# 1* raters MUST give a reason



## espizarro83 (Sep 15, 2016)

The 1* that I received yesterday has me really discouraged. Not only because of it hurt my great rating so far but also because I cannot grasp any idea as per why. Surely I could make some mistakes but I always stop at stop signs or red lights and am friendly and polite, my English has accent but I can speak it, I mean I can’t recall anything that would deserve a “horrible” category rating. It could be anything from accidental 1 starring to just taking on me for something that happened to the person during the day...

My biggest fear is on how many people act this way. Another 1* will drop my rating to less than 4.6. The tendency so far is to receive 5*’s in the majority of rides, and I have 21 rated trips only, 18 of them 5*’s and 2 of them 4*’s.

Uber should really demand the rider a good reason for giving 1 star. Like, either choose what happened or remove the 1* and leave the trip unrated. I have no feedback in my profile as per why the apparently terrible experience for the rider. How many rides should be rated before Uber puts people on probation prior to deactivating?


----------



## Systemspoet (Sep 8, 2017)

Don't sweat it, probably just a scumbag looking to scam a free trip. It happens.


----------



## surlyuber619 (Oct 11, 2017)

I remember getting the email that said riders would have to give a reason for anything less than a 5 star rating...hasn't happened once. Don't worry about it so much. just drive safe, talk to your passengers (if you feel like they are open to conversation), and just don't be a weirdo.


----------



## JTTwentySeven (Jul 13, 2017)

surlyuber619 said:


> I remember getting the email that said riders would have to give a reason for anything less than a 5 star rating...hasn't happened once. Don't worry about it so much. just drive safe, talk to your passengers (if you feel like they are open to conversation), and just don't be a weirdo.


I think it was drivers, not passengers. I know we have to give a reason why we give pax under 5 stars.


----------



## MadTownUberD (Mar 11, 2017)

I got a one-star within the last couple of days. I'm thinking it was the guy who made me stop and wait 10 minutes for him and swore up and down he would leave me a big tip... Whatever that means. he was probably Savvy enough to realize that if he won started me we would not be matched again and therefore he would not have to explain his lack of tip giving.


----------



## wk1102 (Dec 25, 2015)

surlyuber619 said:


> I remember getting the email that said riders would have to give a reason for anything less than a 5 star rating..

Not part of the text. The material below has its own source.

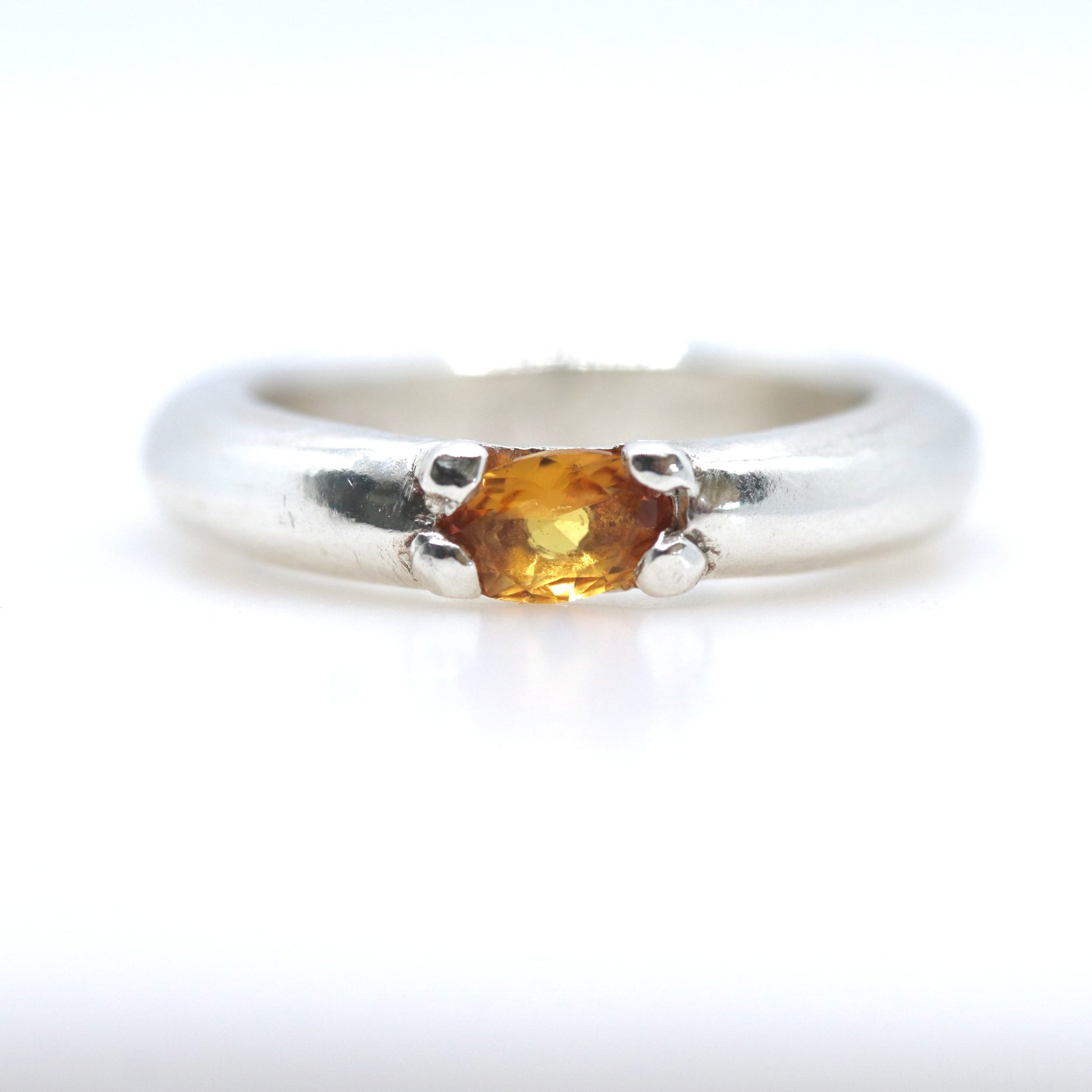 A silver ring featuring a small, oval-cut amber gemstone in a prong setting, shown against a plain white background.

The email said they could leave a reason and that certain reasons would nullify the poor rating.


----------



## jerseyroots (Feb 9, 2017)

Does the one star drop off after 100 rides or 500 if you don’t receive another ?


----------



## UberDriverCT (Jul 7, 2016)

espizarro83 said:


> The 1* that I received yesterday has me really discouraged. Not only because of it hurt my great rating so far but also because I cannot grasp any idea as per why. Surely I could make some mistakes but I always stop at stop signs or red lights and am friendly and polite, my English has accent but I can speak it, I mean I can't recall anything that would deserve a "horrible" category rating. It could be anything from accidental 1 starring to just taking on me for something that happened to the person during the day...
> 
> My biggest fear is on how many people act this way. Another 1* will drop my rating to less than 4.6. The tendency so far is to receive 5*'s in the majority of rides, and I have 21 rated trips only, 18 of them 5*'s and 2 of them 4*'s.
> 
> Uber should really demand the rider a good reason for giving 1 star. Like, either choose what happened or remove the 1* and leave the trip unrated. I have no feedback in my profile as per why the apparently terrible experience for the rider. How many rides should be rated before Uber puts people on probation prior to deactivating?


Don't worry about it.

I've given over 1,200 trips and have a 4.78 rating. I've given a lot of rides in the inner city and I pretty much assume many (certainly not all) of the people in these neighborhoods come in with an attitude and/or are looking to get a free ride. When I drive in well educated, affluent and civilized areas, I get tips and compliments at a very high rate. My breaking and acceleration stats are almost always perfect or within one or two instances of perfect. My car is always clean, I am respectful of passengers...I never flirt, leer, talk politics beyond a superficial and neutral manner and am careful to talk to them only insomuch as they talk to me.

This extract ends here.